Goal of the exercise: Work through the listing below, copying each line that carries the word "bedroom".

BEGIN Dataset content

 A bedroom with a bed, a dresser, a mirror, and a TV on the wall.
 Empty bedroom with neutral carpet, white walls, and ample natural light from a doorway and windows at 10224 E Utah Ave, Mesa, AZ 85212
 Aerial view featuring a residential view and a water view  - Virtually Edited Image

END Dataset content

Response to this exercise:
 A bedroom with a bed, a dresser, a mirror, and a TV on the wall.
 Empty bedroom with neutral carpet, white walls, and ample natural light from a doorway and windows at 10224 E Utah Ave, Mesa, AZ 85212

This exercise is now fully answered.